Friday, July 03, 2009

USB 3.0 – knowns and unknowns

One of the biggest technology news that I see in journals often is about the advent of USB 3.0. Of course, not up to the hype of iPhone, but certainly all major news feeds that I am subscribed to cover this. Linux has come up with a driver for USB 3.0. Windows 7 will have USB 3.0 support. All these could help you in 2010 with transferring high speed HD videos and large databases.

One year ago, when my Debian implementation had some device drivers accidentally messed up, I sat down to write the parallel port and USB device driver myself. Parallel port worked great, but when I was in the file_operation: read part of USB driver, we had a power fluctuation at home crashing my computer. But that operation gave me a chance for understanding the USB architecture.

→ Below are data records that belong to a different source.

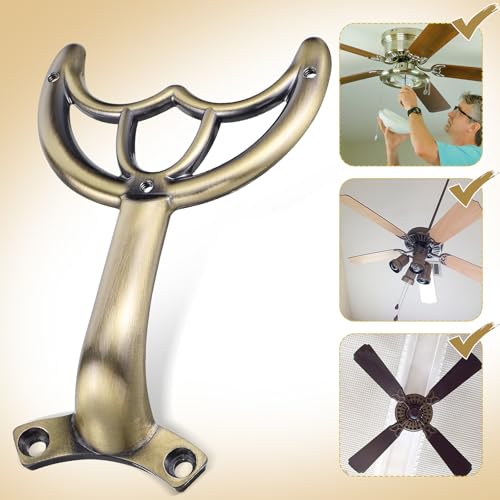 Replacement Ceiling Fan Blades Arm - Stable Ceiling Fan Arm Metal Replacement Part - Golden - color: Coffee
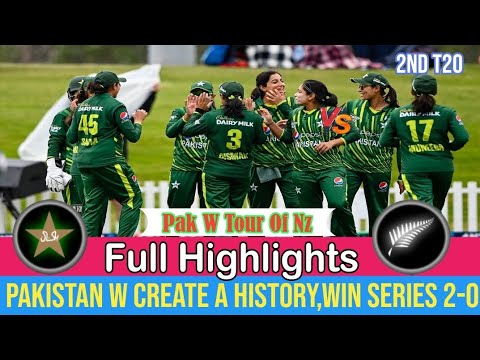 PAK W vs NZ W | 2nd T20 Match | PAKISTAN WOMEN CREATE A HISTORY | WIN ...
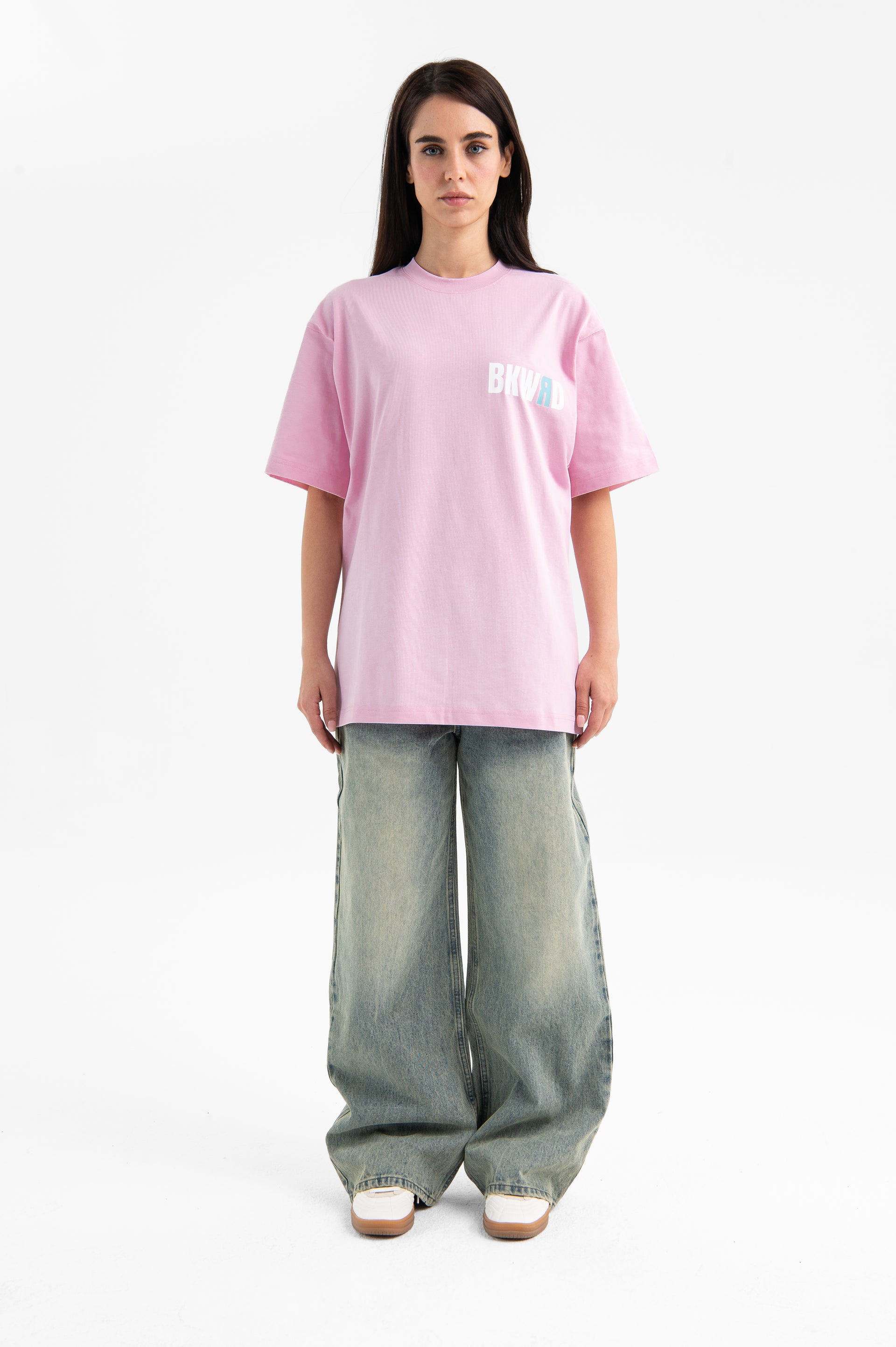pink oversized tee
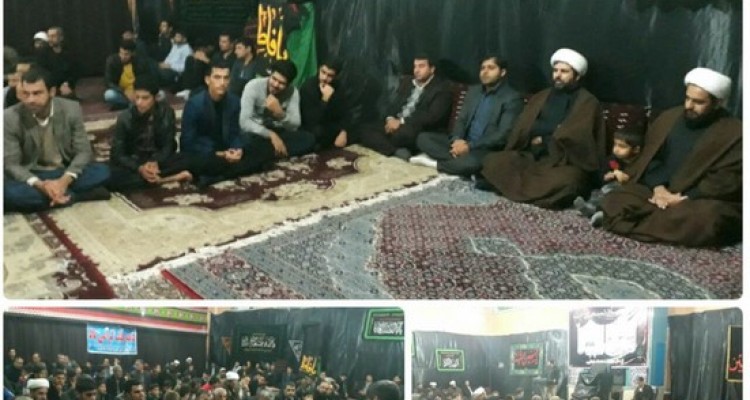 برگزاری مراسم عزاداری شب رحلت پیامبر اکرم (ص) و شهادت امام حسن مجتبی(ع) در اسلام آبادغرب+ تصاویر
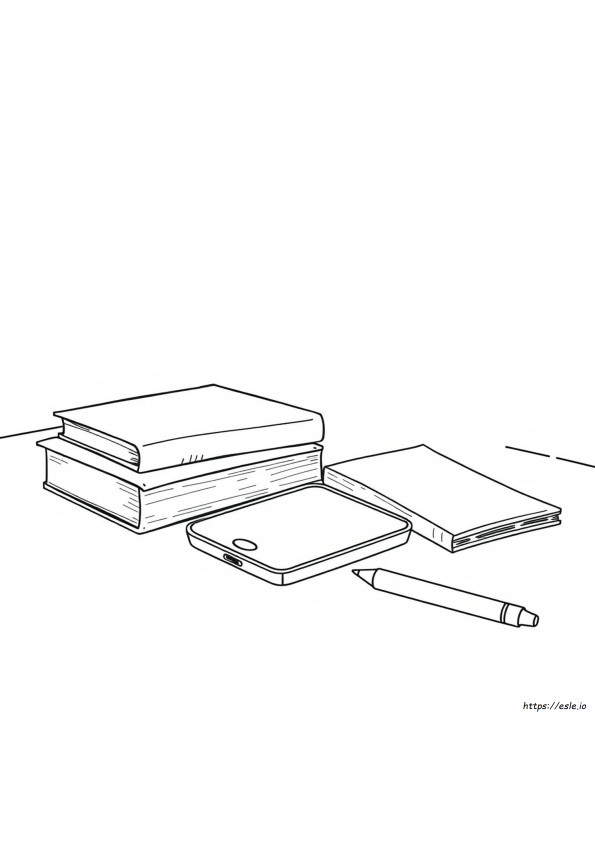 Celular Realista Para Colorir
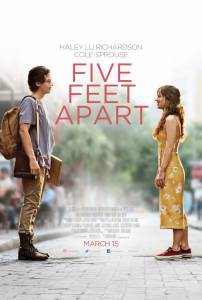 Смотреть интересный фильм В метре друг от друга / Five Feet Apart онлайн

When USB 3.0 specifications released, I wanted to know how they claim it would be backward compatible. It was all very simple. USB 3.0 has the same bus structure of USB 2.0 with a USB 3.0 superspeed structure added to it in parallel. The baseline topology is the same as USB 2.0 – a tiered star topology. No wonder, it is backward compatible. In the PHY layer, USB 3.0 contains 8 wires instead of four in the previous versions. Out of them, four are the usual USB 2.0 wires, the other four are two superspeed transmitter wires and two superspeed receiver wires. So in physical layer, USB 3.0 is nothing but USB 2.0 tied up with a speedier architecture in the entire PHY layer, with its dedicated spread spectrum clocking (which is known for reducing EMI). This layer also provides a shift register based scrambling. Usually when you design and develop peripherals for USB 3.0, I would advise you turn it off, do your unit testing, and then enable scrambling back (just the same as PCIe development). Otherwise you would have a tough time validating the results.

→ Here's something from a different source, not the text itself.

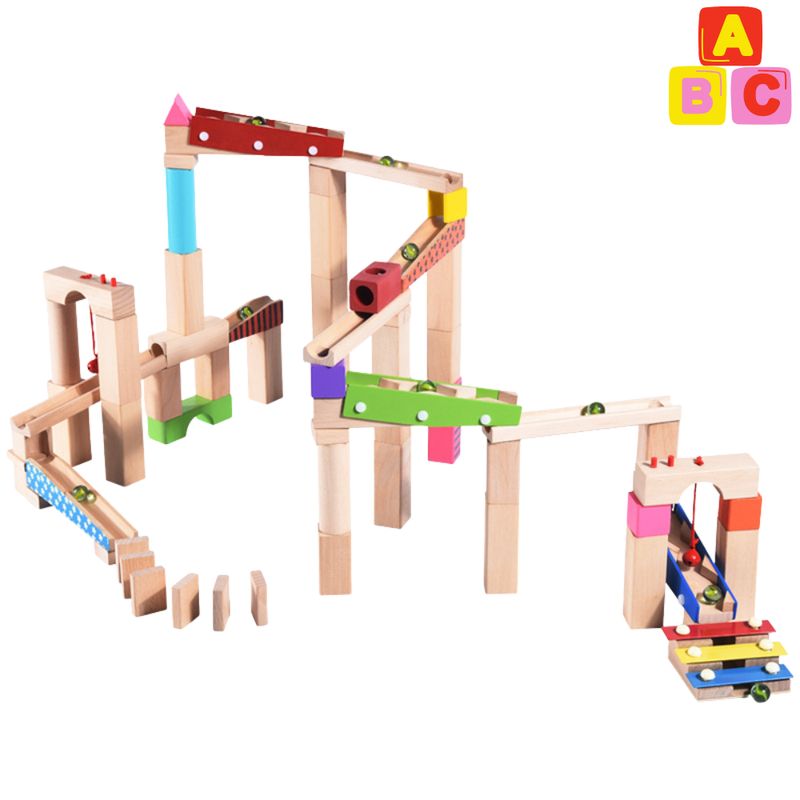 ABC - Circuito de Canicas de Madera Juego de Construcción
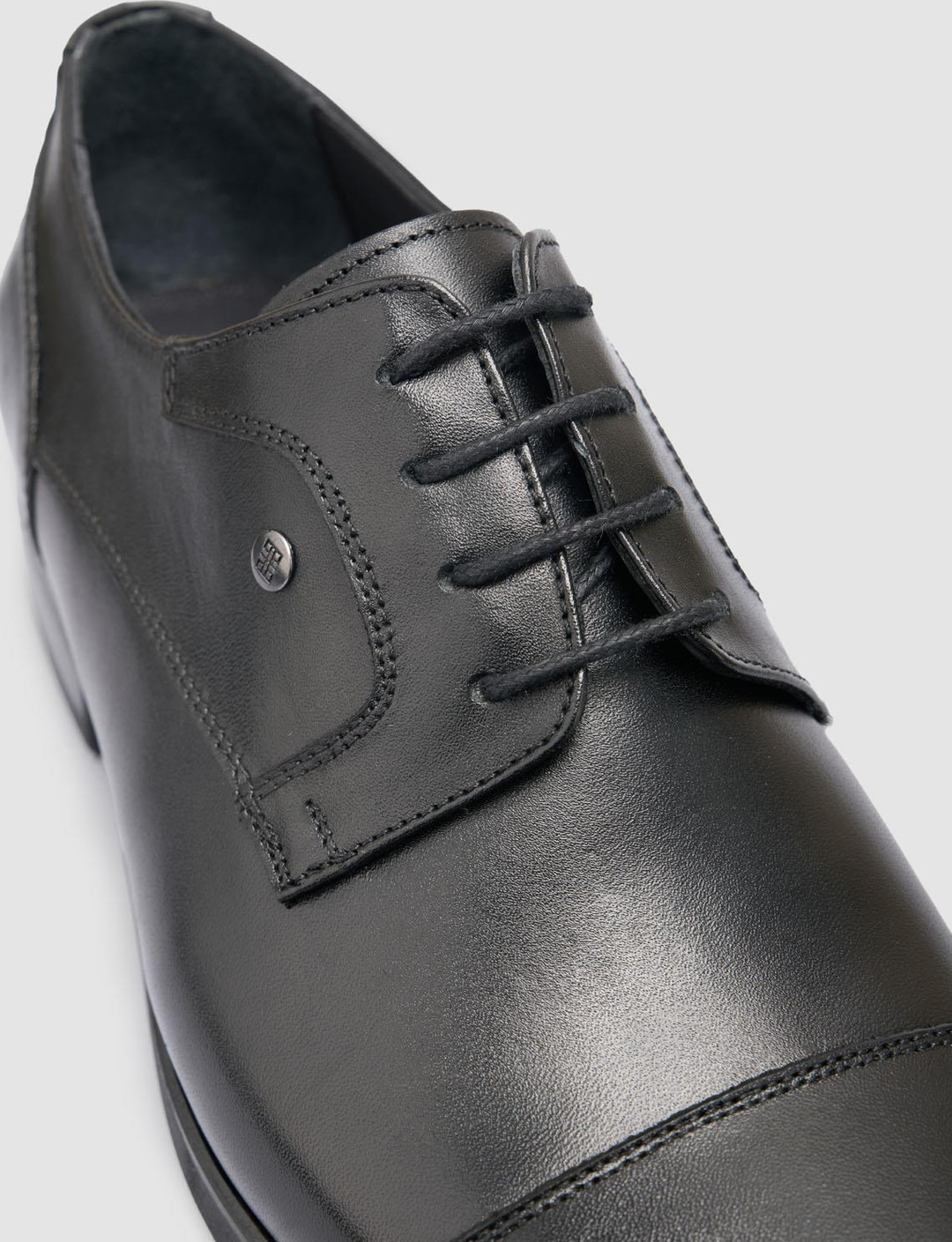 %100 Hakiki Deri Siyah Erkek Ayakkabı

One of the important features in USB 3.0 is its power management architecture. The power management is done at three loosely coupled levels: localized link power management, USB device power management, USB function power management. You can enable a remote wake feature and wake up any device from remote.

One thing, that is completely in the cloud in the USB chip architecture (proprietary design). I did not find any document in Internet about that. It is a completely mystery how they provide that super speed. USB 3.0 HCI specification does not seem to be completely open yet. From what we know, USB 3.0 looks more like PCI-SIG controller, more specifically express 2 architecture (5 GBPS) packaged differently, although Intel denies it. Both of them use the same encoding scheme, shift register based scrambling, spread spectrum clocking etc. So if you know PCIe 2.0 architecture, then you know more than 50% of USB 3.0. Having said all these, there are a lot of things still hidden. And many of the melodies are still hidden. As Keats says,
Heard melodies are sweet, but those unheard are sweeter.
Let’s wait with all ears to listen to the unheard, whenever it gets loud enough.